Thereafter, detailed submissions were made as to the respective amounts.
[48] Whilst Minimax supports a conclusion that an informal response to a payment claim can be a payment schedule, if it meets the requirements of the Payments Act, it is not authority for a proposition that the first correspondence sent by a party following receipt of a payment claim is its payment schedule. Whether that response is the payment schedule will depend upon all of the circumstances of the case. Minimax is also not authority for the proposition that a document which does not purport to be a payment schedule must be considered to be a payment schedule if it was delivered within the statutory timeframe.
[49] The first respondent contended significance was to be attached to the reference in the 6 March document to the “payment certificate”, as Part B of the schedule to the subcontract provides that a payment schedule for the purposes of the Payments Act is a payment certificate. However, that provision allows a party to contend that the payment schedule delivered by it is a payment certificate under the contract. The provision does not mean every payment certificate must be the party’s payment schedule in respect of a payment claim.
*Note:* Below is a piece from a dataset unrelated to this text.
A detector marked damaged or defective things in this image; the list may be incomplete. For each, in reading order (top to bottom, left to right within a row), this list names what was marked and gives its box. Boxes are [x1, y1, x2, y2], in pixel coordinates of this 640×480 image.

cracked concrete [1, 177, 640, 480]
[50] In the present case, the letter dated 6 March 2013 did not purport to be a payment schedule. It sought to deliver the payment certificate pursuant to the subcontract with some accompanying observations. By contrast, the letter dated 8 March 2013 was expressly identified as a payment schedule and by its contents expressly sought to deal with the very issues required by a payment schedule. That document was also served within the required statutory time period.
[51] The document dated 6 March 2013 contained reference to schedules not annexed to, or otherwise delivered with, that document. Further, it failed to determine the extent of the claim without regard to those schedules. That being so, there was no basis upon which the third respondent could properly determine the adjudication by that document. Further, it did not purport to be the payment schedule.
[52] In circumstances where the document on its face was incomplete and did not purport to be a payment schedule, and there was served, two days thereafter, a document titled “payment schedule”, there was no proper basis for the adjudicator to find that the document dated 6 March 2013 was the payment schedule. The third respondent’s conclusion that it constituted the payment schedule was an error. A consequence of that error was that the third respondent refused to consider the contents of the document dated 8 March 2013. The refusal to consider the document dated 8 March 2013, as part of the adjudication process, constituted jurisdictional error. The adjudication decision is properly to be set aside.
Ground 4
[53] As this ground was an alternative to Ground 3 it is unnecessary to consider it further.
Ground 5
[54] The conclusion in respect of Ground 3 renders it unnecessary to consider this remaining ground. Had it been necessary to do so, I would not have been satisfied this ground established jurisdictional error on the part of the third respondent.
[55] The third respondent dealt with the variations in a way which was practical and in accord with his obligations as an adjudicator. The principles of natural justice do not require the adjudicator to canvas every aspect of the decision making process prior to reaching a concluded decision. Those principles require a decision maker to give a party a fair and reasonable opportunity to address matters to be the subject of consideration by the decision maker. There is no basis to conclude the third respondent failed to afford the applicant that opportunity.
Conclusion
[56] The applicant has established the adjudication decision is infected by jurisdiction error. It is properly to be set aside.
[57] I shall hear the parties as to the form of orders, and costs.